--- WORK INSTRUCTIONS ---
The copy should begin at the line containing "view of carpeted office" and end at the last line of the material. Please reproduce those lines exactly and keep pictures out.
*** SUPPLIED DATA Section Begins ***
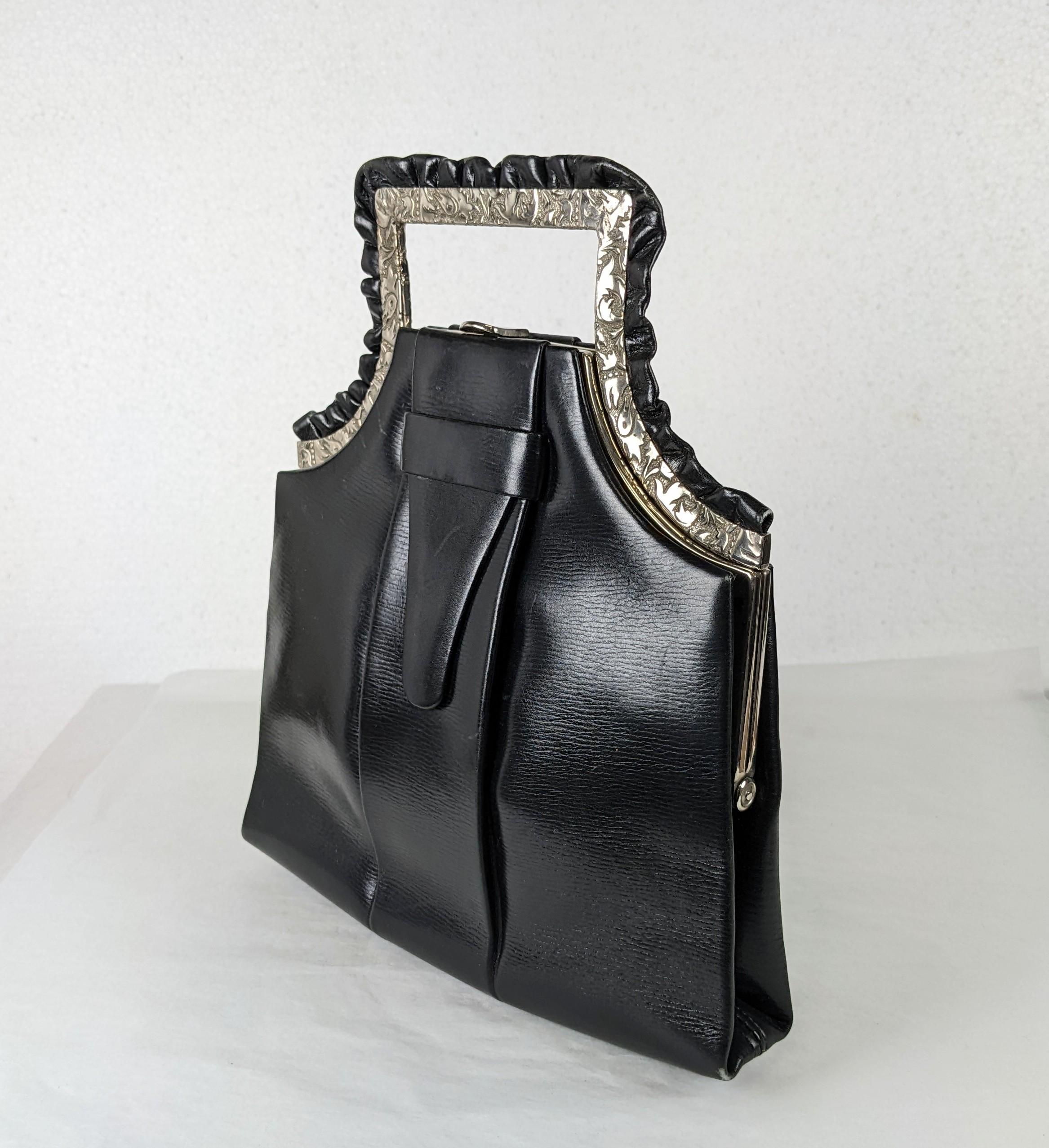 Art Deco Black Calf Top Handle Bag In Good Condition For Sale In New York, NY
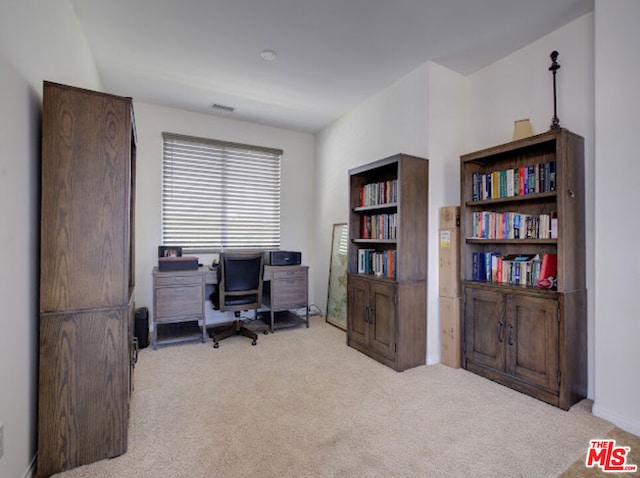 view of carpeted office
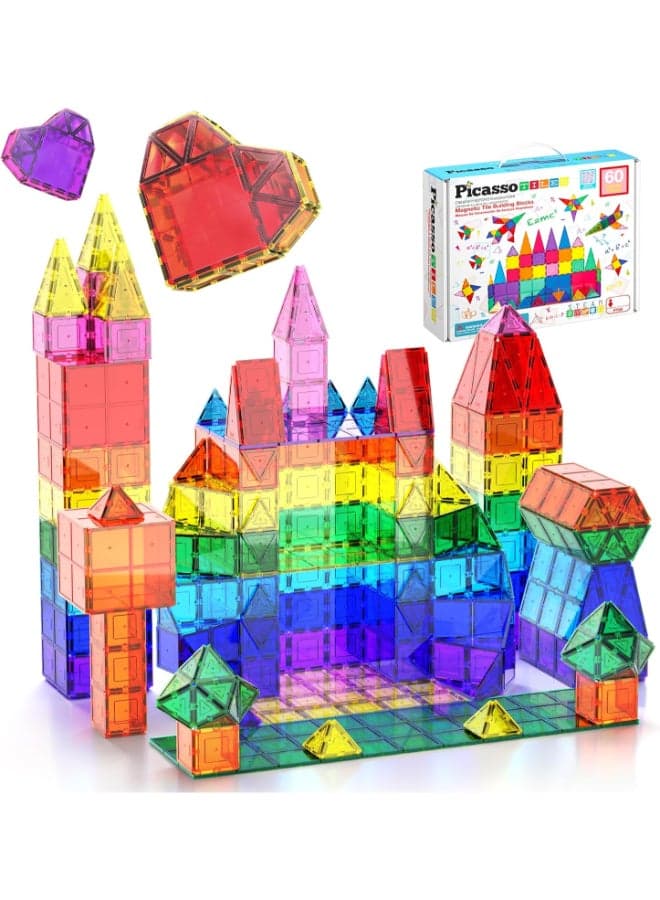 Picasso Magnetic Tiles Building Blocks 60-pieces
*** SUPPLIED DATA Section Ends ***
--- TASK RESPONSE ---
 view of carpeted office
 Picasso Magnetic Tiles Building Blocks 60-pieces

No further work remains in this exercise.